__Task statement__: When the line containing "Ferry Vinön-Hampetorp" is found in the data below, give it again along with every later line, exactly; drop the pictures.

===== Data shown =====

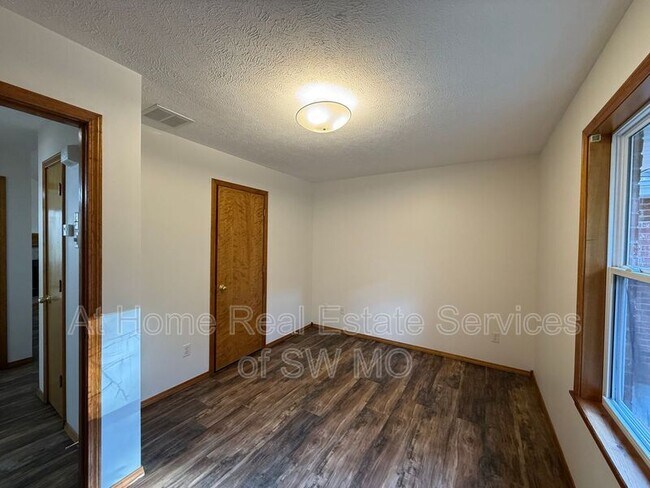 Foto del edificio - 5134 S Old Wire Rd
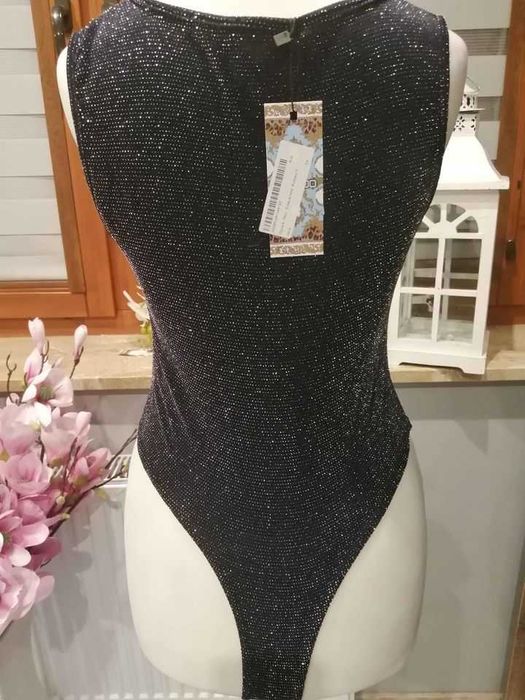 Body połyskujące drobinki super do stylizacji na Sylwestra Boohoo 40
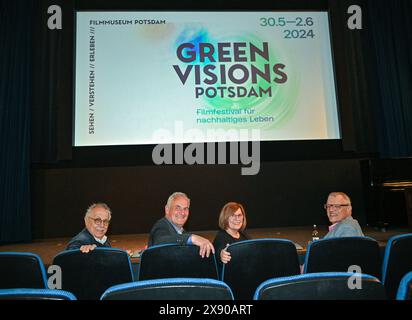 28. Mai 2024, Brandenburg, Potsdam: Dieter Kosslick (l-r), Festivaldirektor von Green Visions Potsdam, Bernd Rubelt, Stadtrat der Stadt Potsdam für Stadtentwicklung, Karen Arikian, Kuratorin von Green Visions Potsdam und Andreas Runze, Geschäftsführer der Runze und Casper Werbeagentur, nehmen Sie an einer Presseveranstaltung Teil, um das Filmfestival für nachhaltiges Leben „Green Visions Potsdam“ im Kinosaal des Filmmuseums Potsdam vorzustellen. Vom 30. Mai bis zum 2. Juni 2024 findet in Potsdam die erste Ausgabe von „Green Visions Potsdam“ – dem neuen Filmfestival für nachhaltiges Wohnen – statt. Th Stockfoto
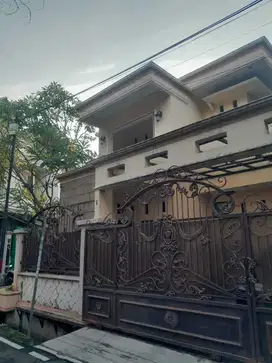 RUMAH DIJUAL MURAH SIAP HUNI DALAM KOMPLEK DI PETOJO CIDENG JAKPUS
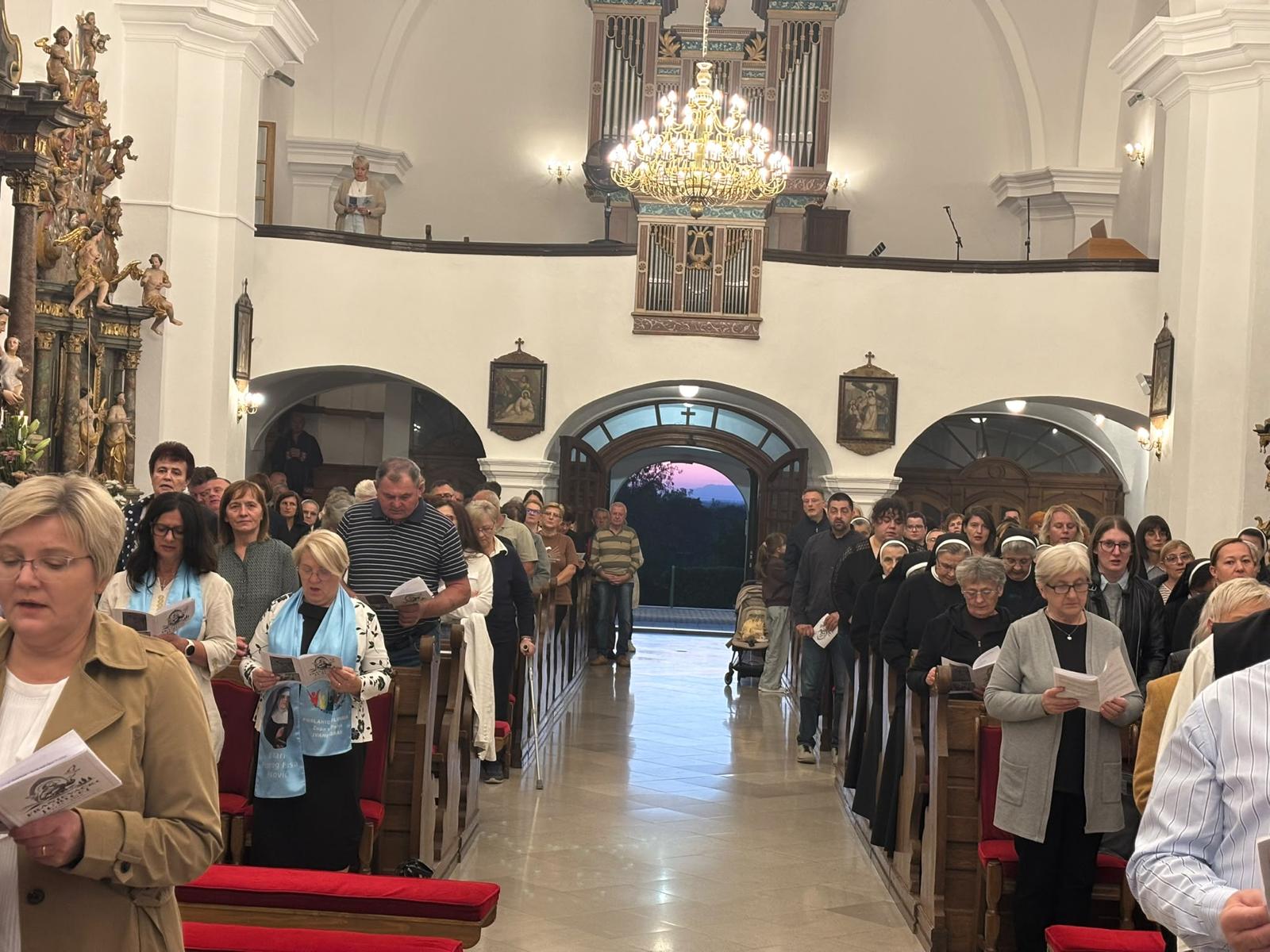Vjernici na slavlju sv. Franje u crkvi u Kloštar Ivaniću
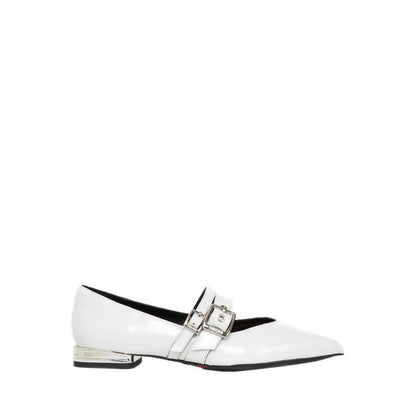 9A950-Wht Flats - White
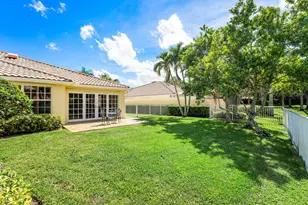8413 Cozumel Ln, Wellington, FL 33414 - Photo 21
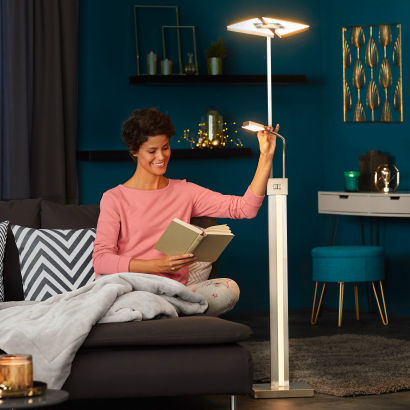 Lampadaire LED avec bras de lecture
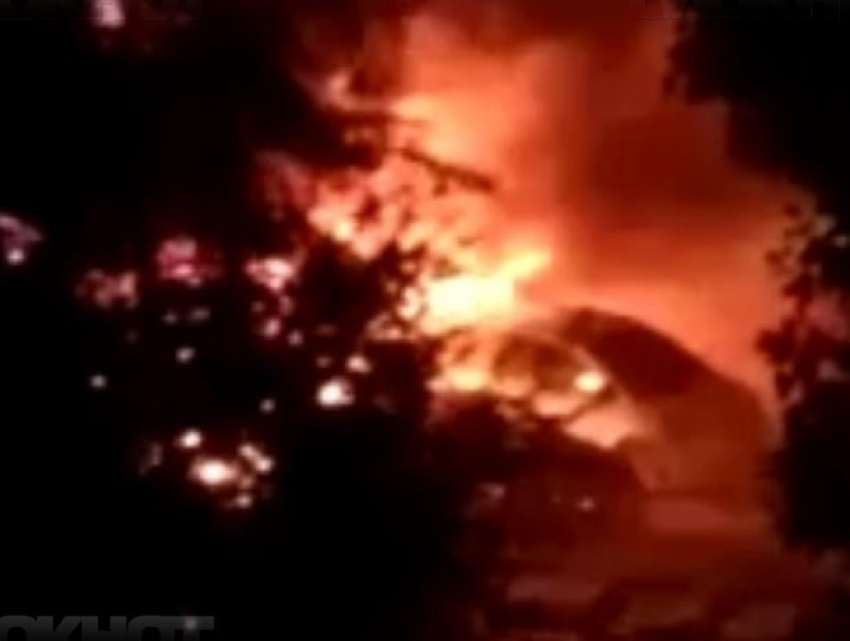 Массовое горение иномарок сняли ночью на видео в Воронеже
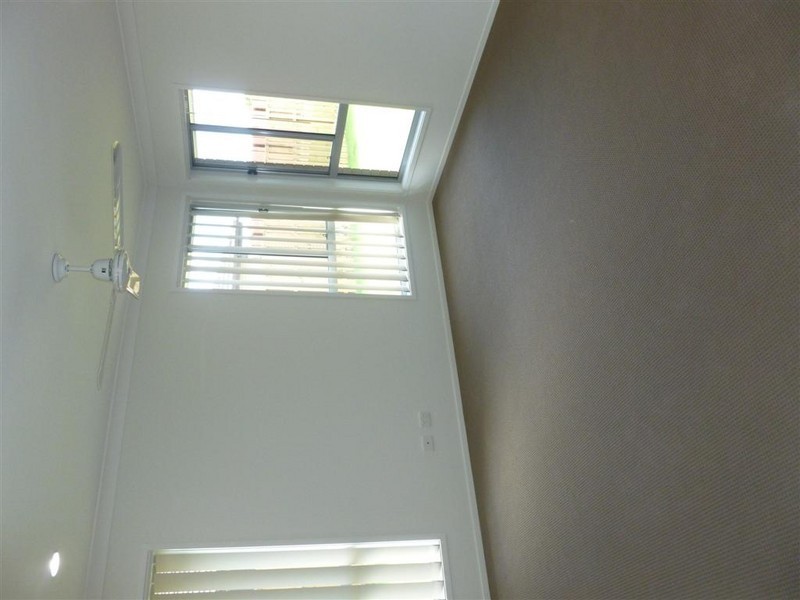 15 MAWSON, Urraween QLD 4655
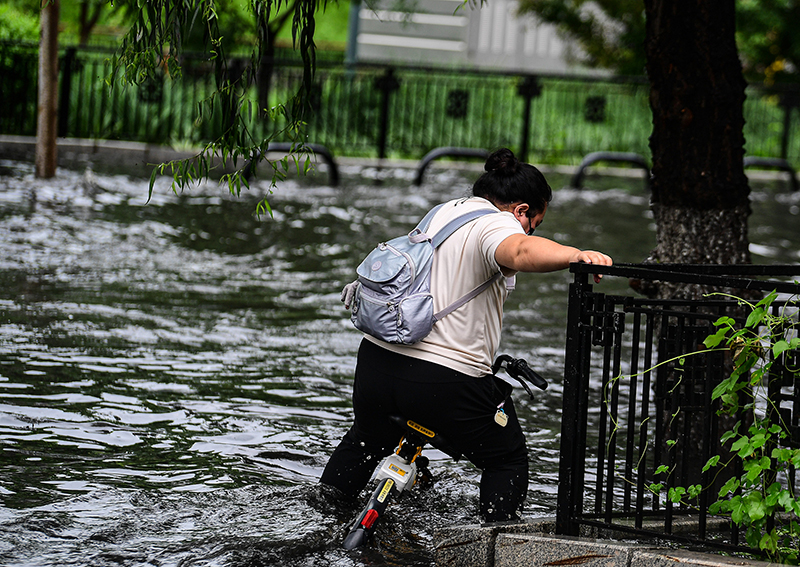 暴雨不断、堤坝溃口，辽宁今年汛情为何如此严峻？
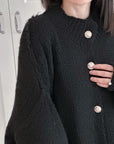 Strickjacke, mit goldenen Knöpfen, Schwarz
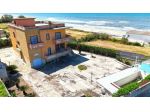 PRESTIGIOSA VILLA CON PISCINA FRONTE MARE - LEVAGNOLE MARE - SESSA AURUNCA V3139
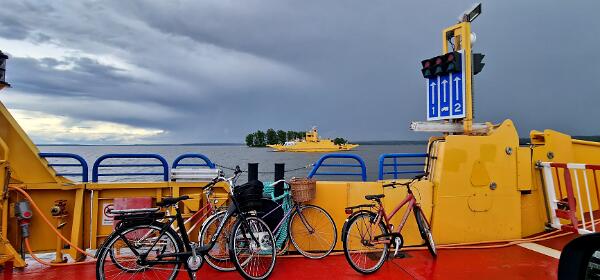 Ferry Vinön-Hampetorp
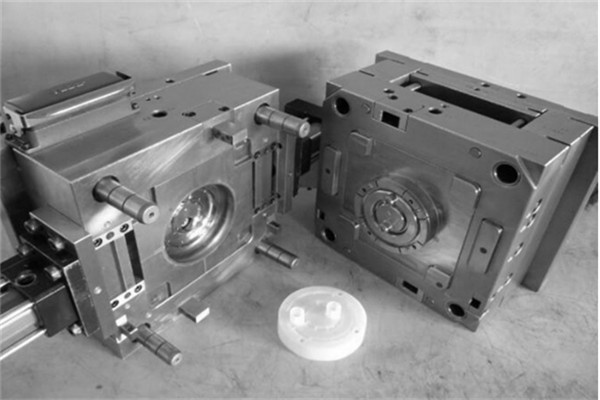 塑胶模具该怎么对待行业壁垒,src=http___meiti.fabumao.cn_1169604_20210417093310746.jpg&refer=http___meiti.fabumao.jpg,模具,零件,塑胶,第1张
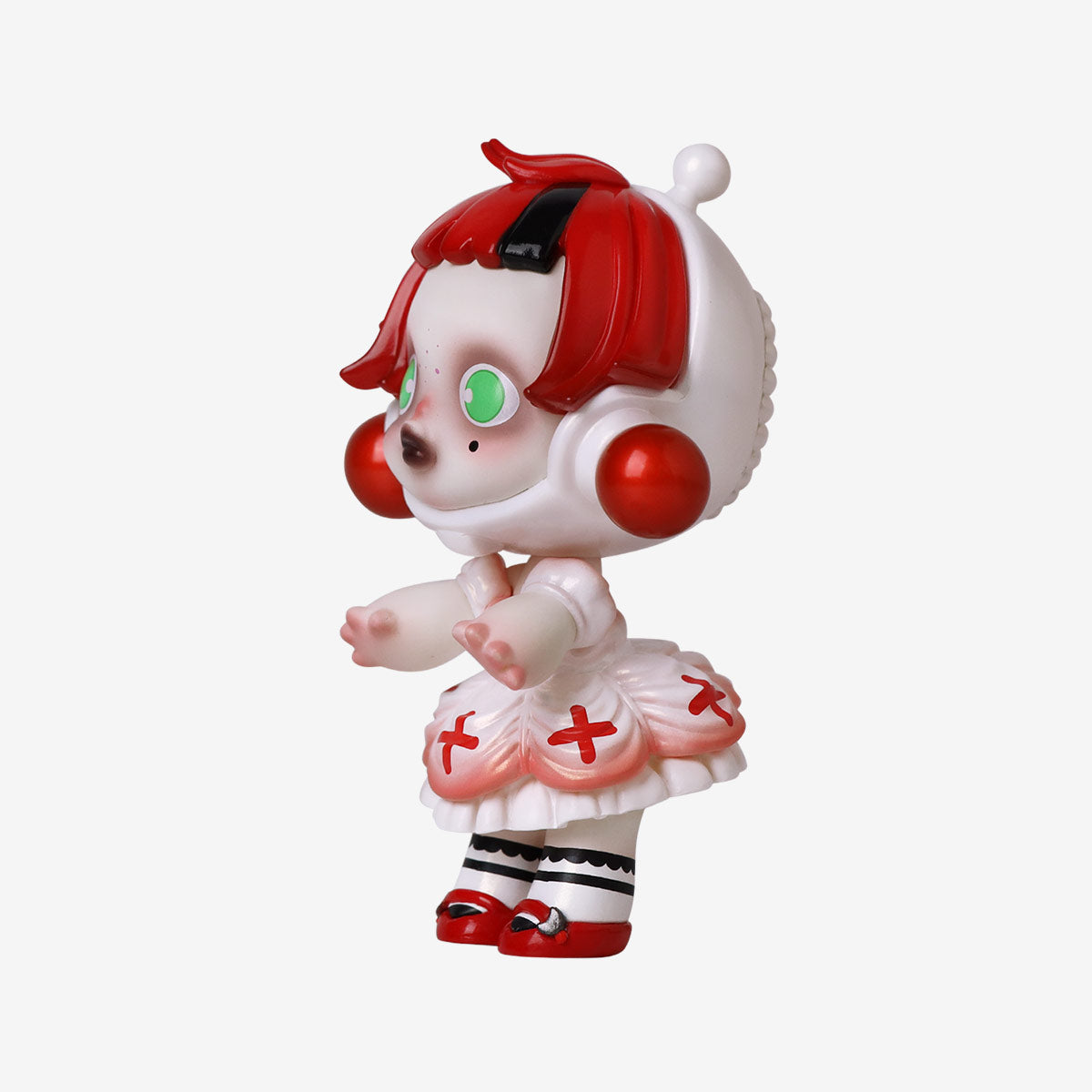 Pop Mart Limited Edition, Skullpanda, White Maid Figure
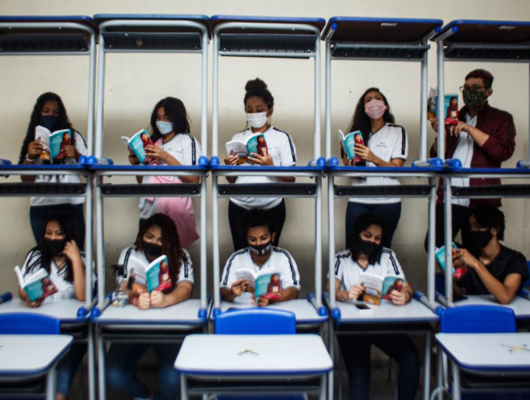 Livro e exposição registram educação pública durante a pandemia da Covid-19.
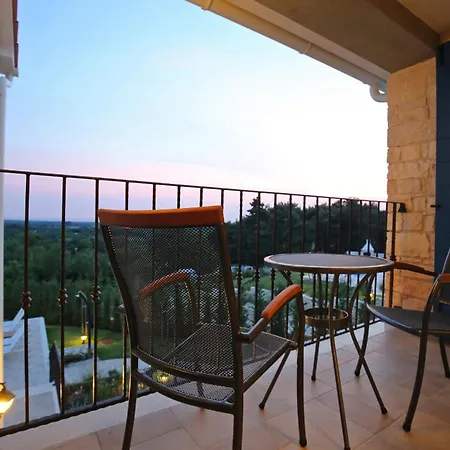 Villa Babudri Near Porec For 10 People With Jacuzzi & *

=====

__Response box__:
 Ferry Vinön-Hampetorp
 塑胶模具该怎么对待行业壁垒,src=http___meiti.fabumao.cn_1169604_20210417093310746.jpg&refer=http___meiti.fabumao.jpg,模具,零件,塑胶,第1张
 Pop Mart Limited Edition, Skullpanda, White Maid Figure
 Livro e exposição registram educação pública durante a pandemia da Covid-19.
 Villa Babudri Near Porec For 10 People With Jacuzzi & *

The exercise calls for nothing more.